We are using Nomad Autoscaler (v0.3.5), and using the Target Value Strategy plugin as part of our scaling policy.

In particular, our scaling policy looks like this:

    scaling "cluster_policy" {
      enabled = true
      min = 3
      max = ...

      policy {
        cooldown = "2m"
        evaluation_interval = "1m"
        on_check_error = "fail"
        check "cpu_allocated_percentage" {
          source = "nomad-apm"
          query  = "percentage-allocated_cpu"
          strategy "target-value" {
            target = 70
          }
        }
        check "mem_allocated_percentage" {
          source = "nomad-apm"
          query = "percentage-allocated_memory"
          strategy "target-value" {
            target = 70
          }
        }
      }
    }

We are thus using the default threshold value (0.01) for this Target Value Strategy plugin.

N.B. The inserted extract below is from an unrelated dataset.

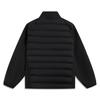 Li Ning Basketball Series Sports Casual Hooded Zip Windbreaker Men Outerwear AWBV105-3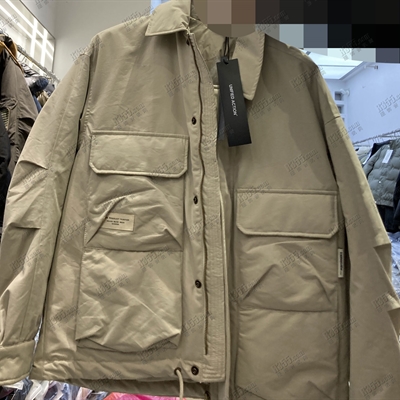 市场上装-棉衣/羽绒服-休闲棉服【实拍】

As such, I understand the Nomad Autoscaler will thus scale up if the factor is 1.01 (1 + 0.01), or scale down if the factor is 0.99 (1 - 0.01).

We noticed that the Autoscaler “quickly” scaled down just 3 minutes after scaling up in our logs:

2023-03-18T01:00:35.690Z [INFO]  policy_eval.worker: scaling target: id=xxx policy_id=xxx queue=cluster target=aws-asg from=3 to=4 reason="scaling up because factor is 1.311829" meta=map[nomad_policy_id:xxx]
2023-03-18T01:00:46.210Z [INFO]  internal_plugin.aws-asg: successfully performed and verified scaling out: action=scale_out asg_name=xxx desired_count=4
2023-03-18T01:03:35.789Z [INFO]  policy_eval.worker: scaling target: id=xxx policy_id=xxx queue=cluster target=aws-asg from=4 to=3 reason="capped count from 1 to 3 to stay within limits" meta="map[nomad_autoscaler.count.capped:true nomad_autoscaler.count.original:1 nomad_autoscaler.reason_history:[scaling down because factor is 0.215126] nomad_policy_id:xxx]"

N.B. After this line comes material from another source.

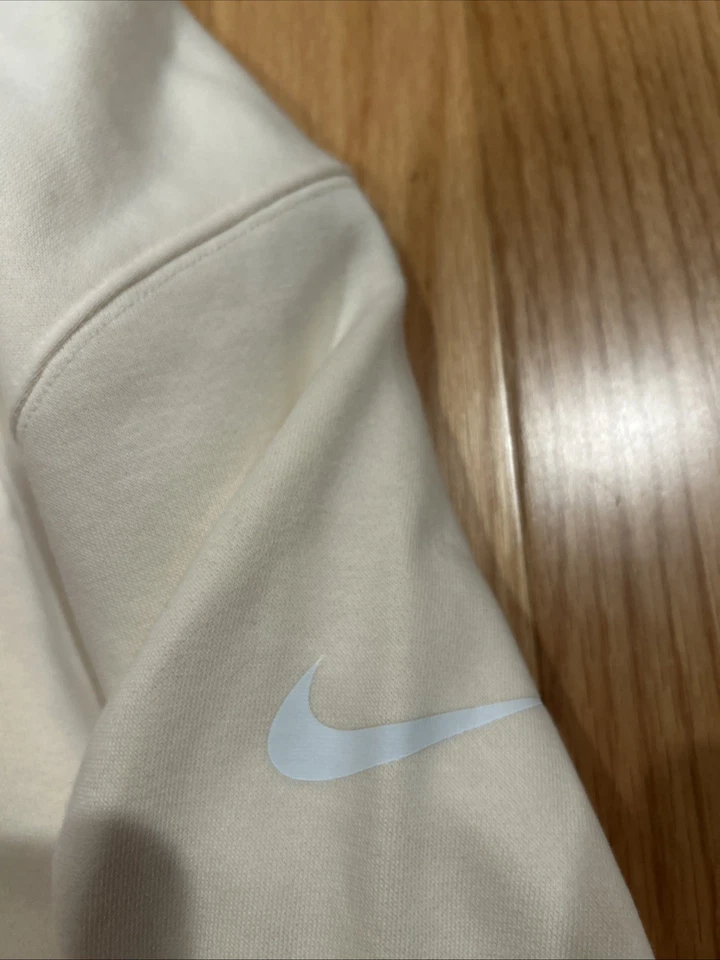 Nike NFL Chicago Bears polar con capucha polar crema talla S NKDK NUEVO CON ETIQUETAS algodón para hombre Foto 3 de 4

I understand from our policy, due to the cooldown (2m), it will suspend policy evaluations until 2 minutes has passed.
In the 3rd minute, I can see the scaling down then happened since it is 1 minute after the cooldown and our evaluation_interval is set 1m.

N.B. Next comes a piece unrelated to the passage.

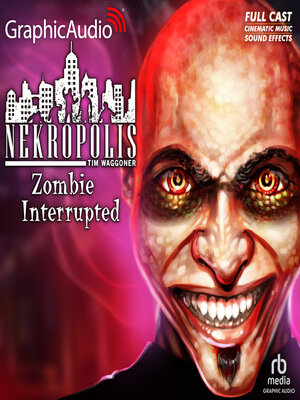 cover image of Zombie Interupted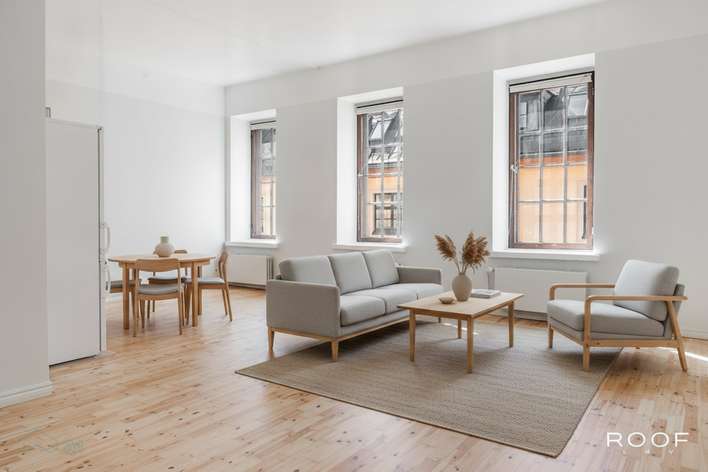 Kerrostalo, 2h, k, kph, 50 m², Ullanlinna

I also understand the scale-down happened since our factor was calculated to be 0.215

At this point, all looks expected, as I visualized the timeline:

Time Event Remarks
2023-03-18T01:00:35 Scaling up from 3 → 4 due to factor 1.311 allocated CPU and/or memory is at ~ 92% (factor = 91.8/70 = 1.311)
2023-03-18T01:00:46 Successfully scaled out -
2023-03-18T01:02:35 Cooling cooldown = 2m
2023-03-18T01:03:35 Scaling down from 4 → 3 (min) due to factor 0.215 allocated CPU and/or memory is at ~ 15% (factor = 15.05/70 = 0.215)

Question why did the factor drop so drastically from 1.311 → 0.215 within the next evaluation?

I understand we are using the default query_window of 1m.

If I understand correctly, this is because the results from the query_window (1m) showed low CPU / memory allocated.

My current (uninformed) hypothesis is that:

  • Because the new (4th) Nomad node spun up has low-to-zero CPU and memory allocated, bringing the metrics now down

Would that be plausible?

As a possible solution, would increasing the query_window to be > 1m (say 5m) be better for evaluating the CPU & memory metrics?
I am hoping I understand correctly that increasing this query_window can help to reduce the “aggressiveness” of the scaling here.

Thank you so much folks!